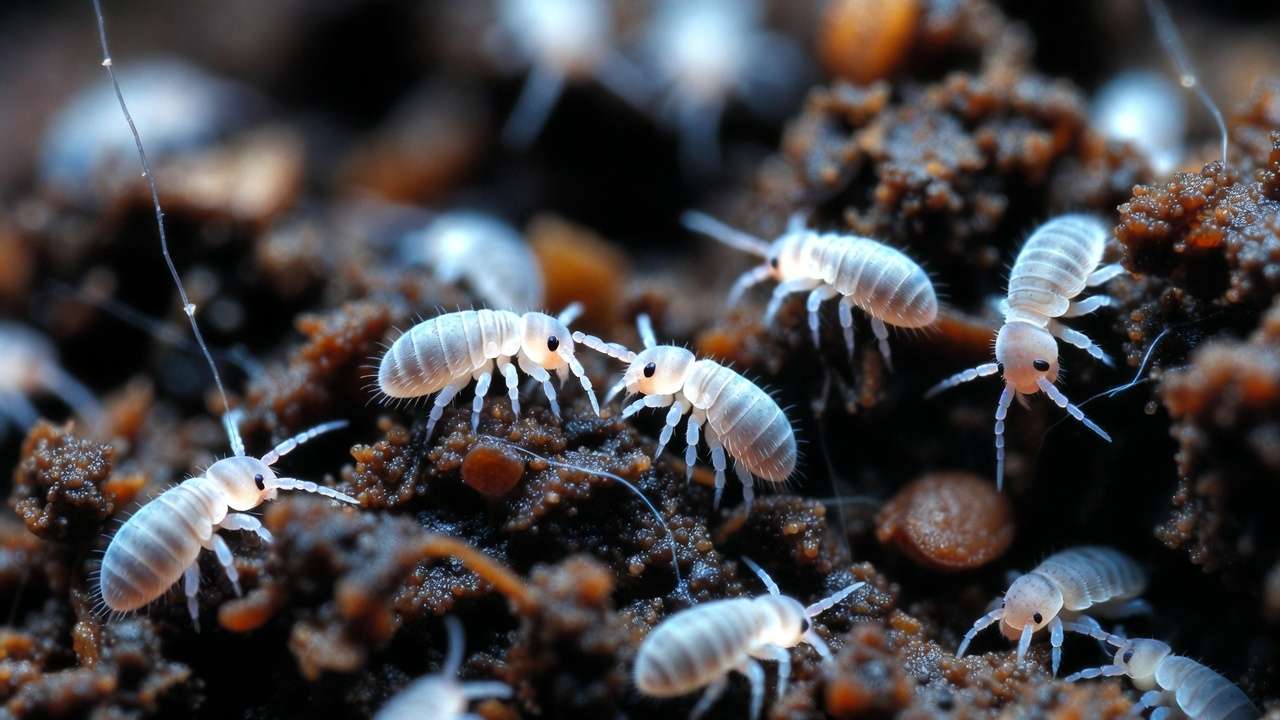 Tiny beneficial springtails and mites on moist compost surface
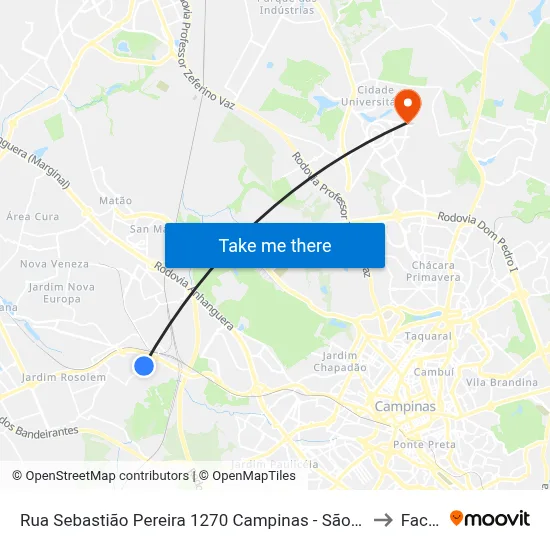 Rua Sebastião Pereira 1270 Campinas - São Paulo 13064-560 Brasil to Facamp map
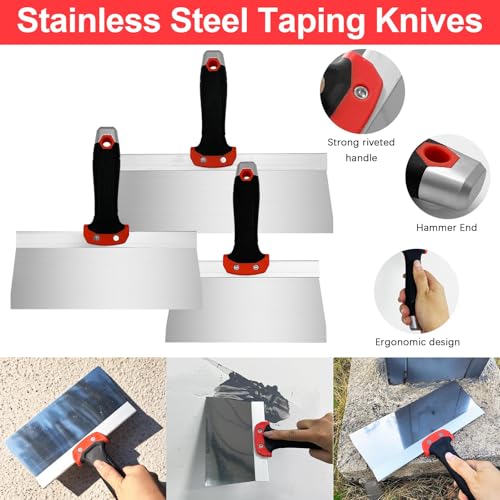 Drywall Knife 3pcs/Set, Stainless Steel Taping Knives Kit Includes 8'', 10'', 12'' Tools, Perfect for Drywall Joint Taping, Finishing & Patching - color: Black - E Set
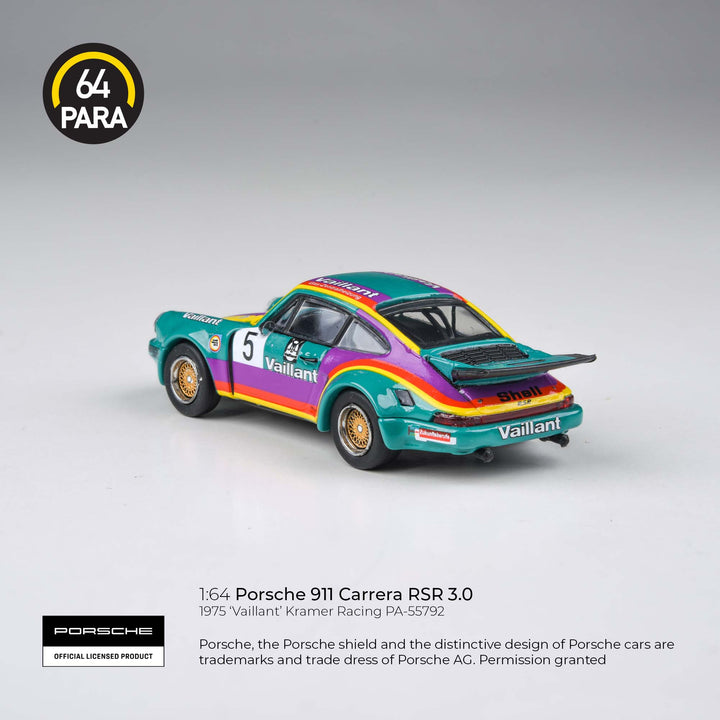 [Preorder] PARA64 1:64 1974 Porsche 911 Carrera RSR 3.0 'Vaillant' w/ photo-etched wheels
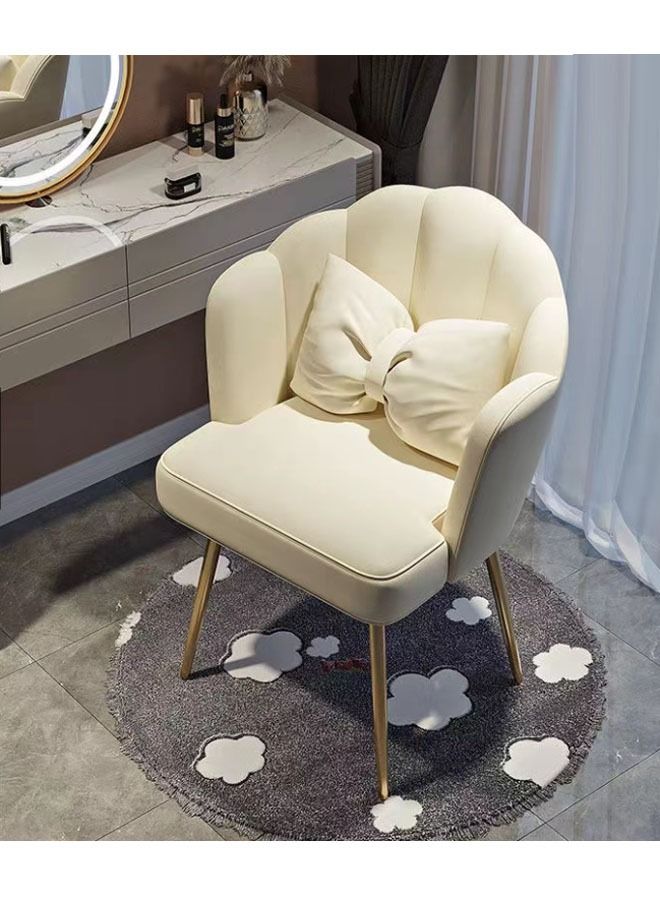 NKX Round Flower Petal Shaped Cushion Chair With Golden Legs  - Image 1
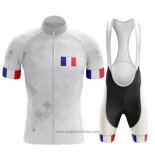 2020 Abbigliamento Ciclismo Campione Francia Bianco Manica Corta e Salopette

Directions for this task: Everything in the data except the pictures needs to be written out exactly.

Response area:
 Tiny beneficial springtails and mites on moist compost surface
 Rua Sebastião Pereira 1270 Campinas - São Paulo 13064-560 Brasil to Facamp map
 Drywall Knife 3pcs/Set, Stainless Steel Taping Knives Kit Includes 8'', 10'', 12'' Tools, Perfect for Drywall Joint Taping, Finishing & Patching - color: Black - E Set
 [Preorder] PARA64 1:64 1974 Porsche 911 Carrera RSR 3.0 'Vaillant' w/ photo-etched wheels
 NKX Round Flower Petal Shaped Cushion Chair With Golden Legs  - Image 1
 2020 Abbigliamento Ciclismo Campione Francia Bianco Manica Corta e Salopette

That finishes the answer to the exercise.